### [Records to process]

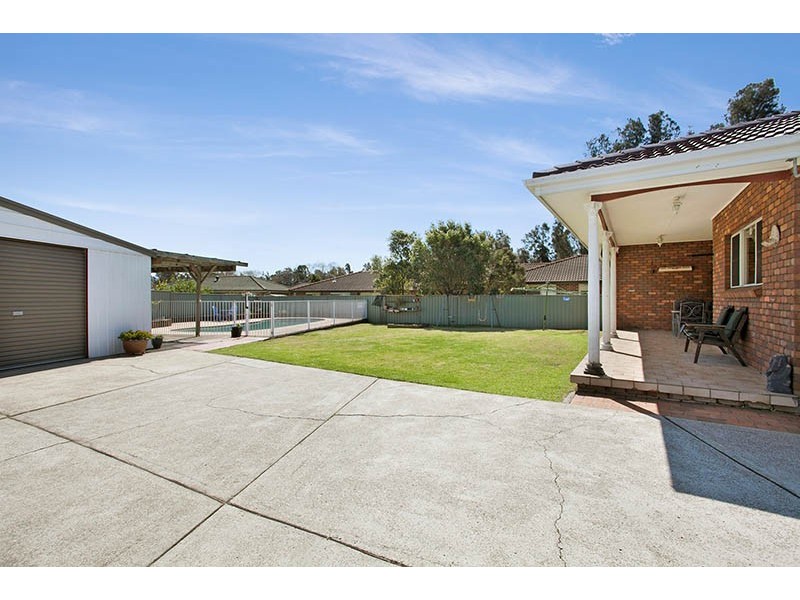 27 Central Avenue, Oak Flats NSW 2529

* * *

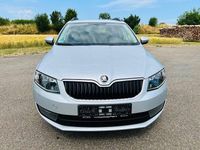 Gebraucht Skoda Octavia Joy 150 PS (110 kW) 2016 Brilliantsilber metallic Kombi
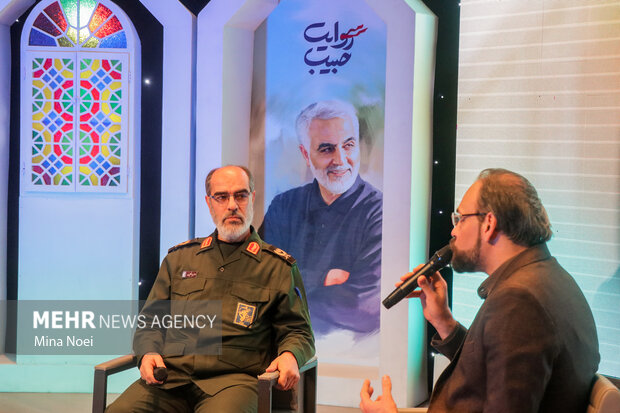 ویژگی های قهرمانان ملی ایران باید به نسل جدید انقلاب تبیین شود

### [Your task]
Please copy out from the data above, without any picture, exactly the lines running from the one that holds "Gebraucht Skoda Octavia" through the one that holds "ویژگی های قهرمانان", and nothing beyond them.

### [Completed task]
 Gebraucht Skoda Octavia Joy 150 PS (110 kW) 2016 Brilliantsilber metallic Kombi
 ویژگی های قهرمانان ملی ایران باید به نسل جدید انقلاب تبیین شود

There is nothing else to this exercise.